Most films would have us believe the world of cybercrime is very much a solitary one; a lone hacker who’s a complex technical wizard sitting in front of their computer and taking down ‘the system’. While there’s some truth in that, professor of criminal justice Thomas Holt says in most cases, hackers need to work together.
Holt is the co-author of new research out of Michigan State University which identifies common attributes of cybercrime networks and reveals how these groups function and work together.
He told Jim Mora that typically, cybercrime networks develop malicious software; tools that can be used to automate hacking.
He says the networks are much looser than the hierarchical structure of a gang, for example, and there may be a group that hacks together for a year or two before moving on.
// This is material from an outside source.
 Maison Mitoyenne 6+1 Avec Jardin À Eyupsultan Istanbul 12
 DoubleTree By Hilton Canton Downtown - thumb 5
But, “hackers need one another,” says Holt.
“For example, if I am able to acquire a million credit card numbers, there’s no way I can use even a tenth of that data myself and so I might monetise it, I might try to sell clumps of that data to other people.”
It’s a division of labour that can be relatively complicated, he says.
“That’s especially true when we’re thinking about some of the specific either malware or financial crimes, so if I write… code, I may be a very adept programmer but I have a specialisation and so if my area connects with yours, and if we work together, we can create a more sophisticated tool, then that means that there’s value in us collaborating.
“If we’re thinking about some of the broader scale phishing operations, if I’m trying to get banking logins and passwords from users then once I acquire those credentials, I may have to initially send out an email, I may have to create a webpage that looks like the financial institution I’m targeting.
“Once I get all those credentials down, then I have to find a way to use them, so I may work with another person to try and pass those accounts through, and start using the information or I may create a network of money mules, people who can help me move money from account to account…”
Increasingly in cyber-crime people are offering services on demand, in online markets on forums, he says.
“It’s a lot like online shopping, the only difference is you’re buying highly illegal information or services.”
For financial institutions, cyber-attacks pose a big problem.
“When we think about the nation state threat, it’s slightly different, we don’t see as many targeted attacks against financial institutions by nation states aside from, say, North Korea.”
But the impact is still significant, he says.
“Anytime there’s a hack that compromises either a country or a company’s operational readiness or limits their ability to get things done, that has a dramatic impact.”
He says when you start to look closely, you can see there are more and more attacks either targeting sensitive information compiled by governments over a long period of time or attempts to compromise electrical grids, critical infrastructure and important resources.
It’s this type of attack that can cause a loss of human life, he says.